Problem: Quote, exactly, the line holding "CoreAVC 1.9.5 screenshots" and all lines after it to the end of the records below. Exclude pictures.

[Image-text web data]
---------------

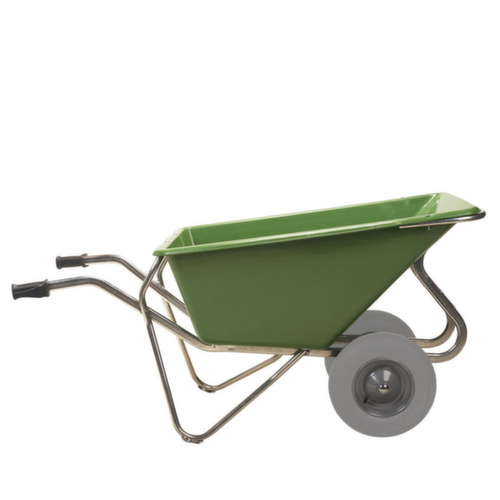 Matador Brouette en aluminium NOKA-160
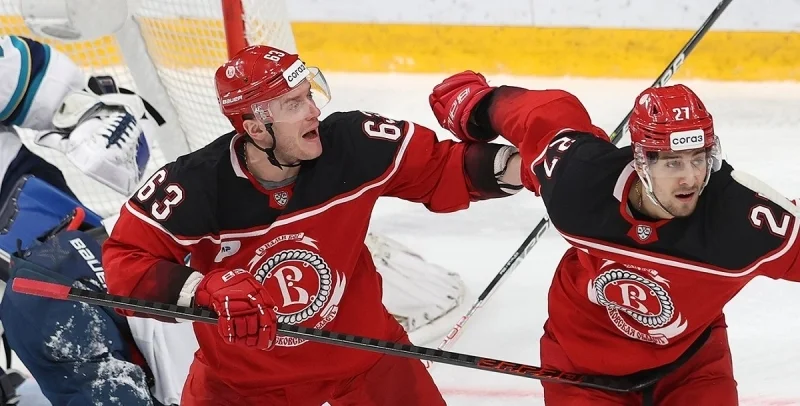 Витязь - Торпедо НН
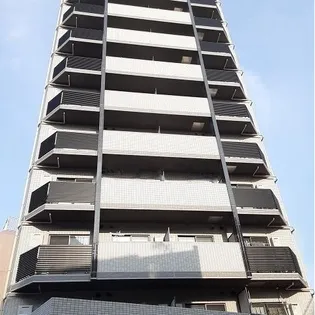 クレヴィスタ中板橋【7階】の外観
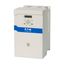 Variable frequency drive, 600 V AC, 3-phase, 18 A, 11 kW, IP20/NEMA0, Radio interference suppression filter, 7-digital display assembly, Setpoint pote thumbnail 22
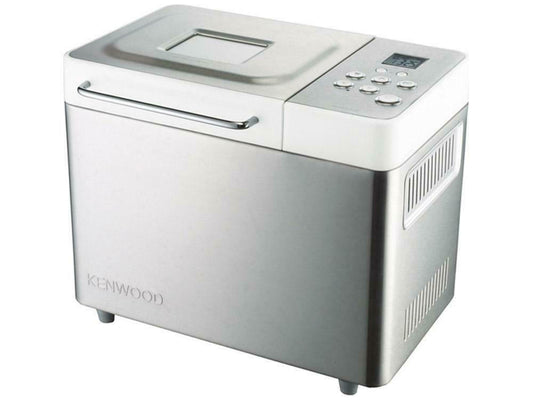 KENWOOD BM350 BREAD MAKER 645W 1000GR WHITE  STAINLESS STEEL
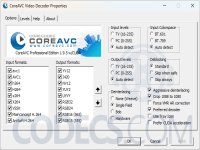 CoreAVC 1.9.5 screenshots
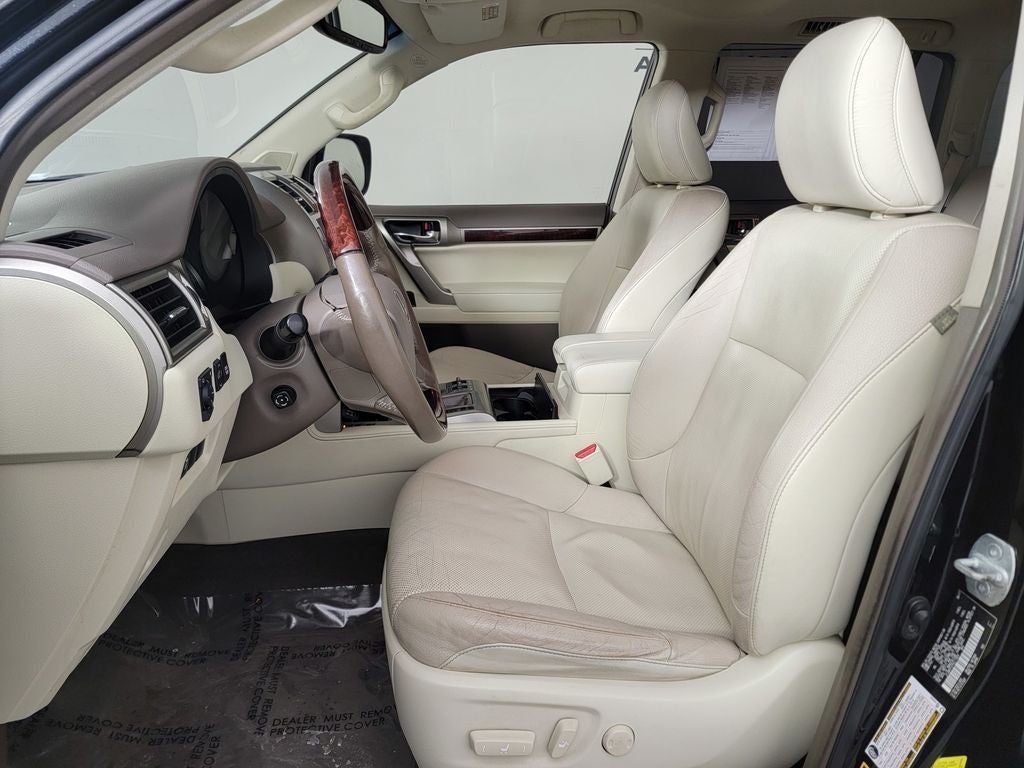 2017 Lexus GX 460 Premium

---------------

Task response:
 CoreAVC 1.9.5 screenshots
 2017 Lexus GX 460 Premium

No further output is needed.